I very much appreciated your comments on the history. It does
help to explain the apparent regard for this stuff, despite its
poor quality.  I'm afraid it doesn't say a lot for what went before!

It surprises me that the field of Tesla coiling is so poorly 
developed.  In its journey down history the Tesla coil just doesn't
seem to have acquired a normal body of engineering knowledge behind
it, in the same way that other branches of electrical engineering
have.  Instead it's collected a huge tangle of modern superstitions -
a ragbag assortment of notions that don't make sense and don't work.

Anyway, why is it left to us amateurs to figure out for ourselves
what the currents and voltages are doing in a secondary?  Why haven't
the professionals sorted all this stuff out decades ago?  Is the
pseudoscience keeping the experts away, or have the cranks simply
moved in to fill a vacuum?  Maybe it's just not that important?

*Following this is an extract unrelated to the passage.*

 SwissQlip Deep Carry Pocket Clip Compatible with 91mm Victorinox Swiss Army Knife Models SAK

> Of course, 90% of Tesla coilers have never heard of the Tesla list.

As many as that?.  Is it because they just don't get onto the Net, or
that they don't think to do a search for Tesla?   How does everybody
else share news and information?  If someone wanted to publish a
technical article about TCs in a reputable place that would reach
some majority of coilers, where would they go?

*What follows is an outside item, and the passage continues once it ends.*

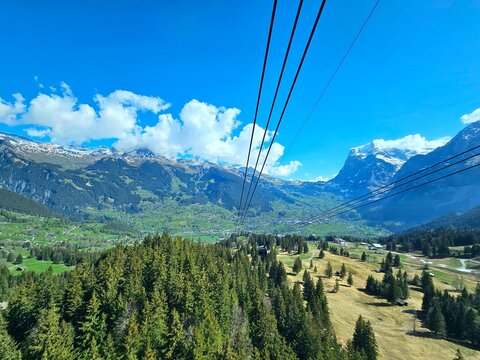 ski resort in grindelwald, swiss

I suspect that the infrastructure - the peer reviewed journals, 
necessary to support the development of a normal body of engineering
knowledge on TCs just aren't out there.

Jim wrote:

> The other thought was that you could set up some form of peer
> reviewed journal on "tesla coil theory", but, who would would the
> reviewers be?

I just don't know who, or how that would work.  Peer review systems
are normally supported by an established institution of sufficient
quorum to achieve stability, although even that doesn't guarantee
rationality (eg Homeopathy).  We don't have such a foundation. Those
that existed in the past encouraged pseudoscience, eg ITS, TCBA. 
Where is the ARRL or RSGB of coiling?  

>  Maybe one could get peer reviewed publications in other journals
> (Rev Sci Inst type, but even that probably isn't the right venue.)

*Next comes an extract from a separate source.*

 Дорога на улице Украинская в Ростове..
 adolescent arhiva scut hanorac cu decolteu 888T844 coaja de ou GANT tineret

I'm sure quite a few journals would take stuff, but as you say, it's
not going to reach coilers.

> on the other hand, I recall having seen some papers on TCs in peer
> reviewed journals that had severe problems

Yes, me too.  We must remember that peer review can never be a band-
pass filter for correct info - it can only be a band-stop filter
for things that are obviously wrong, meaningless, poorly presented,
off topic, no science, or for some other reason would only add noise
to the arena.

And remember too, peer review is a necessary but not sufficient
mechanism for sane research.  The other vital ingredient is 
a non-credulous reception to the output of the peer review process.
The best compliment you can pay someone is to take the time and
trouble to check their work and to satisfy yourself that it really
does make sense and work as claimed.  That effort benefits everyone.
Of course, without a peer review front-end for this process, the onus
falls to the author to ensure their work satisfies certain criteria
which make it viable for that kind of critical scrutiny.

>  Presuming to tell someone that their site is defective? 

I agree that except for a few sites that invite comment and
corrections, it's inappropriate to try to canvas sites into 
reevaluating their links.  In any case many sites have an agenda for
promoting pseudoscience so they're hardly likely to respond. Perhaps
all we can do is post up as much good information as possible, in an
attempt to raise the overall signal/noise ratio?

> A lot of web sites ... (append only)

Unfortunately yes.  It's an approach which shifts a lot of work from
the author to the viewer, because the viewer has to sift the search
output to discern the state of the art. Old docs known to contain
errors just sit there injecting noise into every library search,
forming a minefield of erroneous stuff that a newbie must somehow
navigate to get to the real stuff. If someone reports a mistake in 
any of my site docs it gets fixed up pretty quick, and the old faulty
page is overwritten. I think folk keeping web pages should recognise
that its not a one-off vanity buzz but an ongoing responsibility to
keep things accurate and up to date.  After all, you create a site
for other peoples benefit, don't you?